The land was so flat, and the air so clear, you could have seen a raven, or heard a gull, miles away.

Too soon we had to leave, edging back down into the confines of the river channel to the waiting boat. Down there, the dream vision of the land was gone.

 

B
ack at the shingle beach, Patrick had kept the fire burning. The rain had passed. Again the sisters set to work – now we would eat salmon. They took one of the morning’s catch, wrapped it in tinfoil and set it in the hot embers. Then the fishing lines came out again, and as the first fish baked, they landed more. ‘Subsistence fishing’, they call this. Despite the grocery store, many villagers still live off the land. Winter would soon come, and supplies had to be laid down. When the salmon was ready we hunkered round the fire, eating its hot, pink flesh with our fingers, and it was good. Then came a gateau bought from the store, only slightly bashed. Having eaten, we travelled downstream again, bringing Patrick with us. They’d come back another day for the boat with the faulty engine. Right now we were going with the flow, still looking out for bears, for moose and beaver and birds, though the noise of the engine would most likely scare them away and it was mid-afternoon, bear siesta time.

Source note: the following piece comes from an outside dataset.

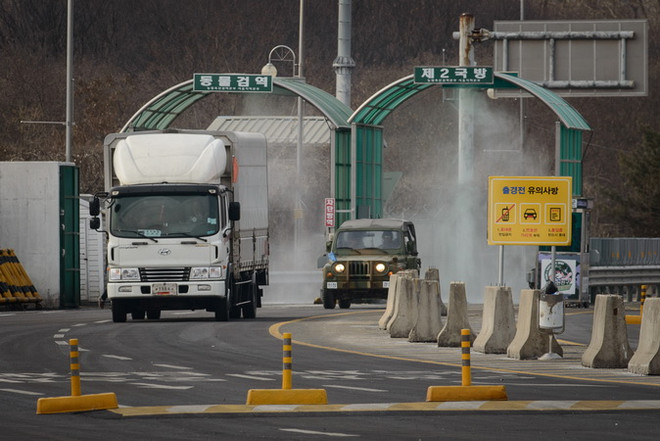 Ôtô di chuyển tại khu công nghiệp chung Kaesong ngày 11/2/2016. (Nguồn: AFP/TTXVN) Các doanh nghiệp đề nghị điều tra việc đóng cửa KCN Kaesong ảnh 1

But we weren’t done fishing. Some miles down we put into a certain creek, a slow green backwater aside from the main river. Here, in the waters around a grassy islet, flashed the scarlet sides of sockeye salmon, dozens of them. Like silk slashes in a Tudor sleeve, the red fish parted the water’s surface as they moved. Again we left the boat, again the rods came out. It was appalling. Having spawned,
the salmon were rotting even before they died. Red and stylish in the water, they emerged from it like things of nightmare, mouldering, hook-faced, blotched. They were so plentiful all our hosts had to do was choose one, throw a hook at it and haul it in. One after another the fish were landed. They flapped listlessly on the mud, then were beaten over the head. Fifteen, then twenty fish skulls broke with a wet smacking sound.

As Teddi had predicted, bears had indeed been here, and perhaps still were, though we couldn’t smell them. On the ground among the riverside shrubs were strewn the half-chewed bodies of a dozen fish. Such profligacy!

Having killed the fish, Teddi sliced off their heads with the curved blade of her
ulu
. The red flesh would be cut into strips, then hung to dry on wooden frames down at the village. When she threw the salmon heads back into the clear water, dozens of smaller fish shoaled round to investigate.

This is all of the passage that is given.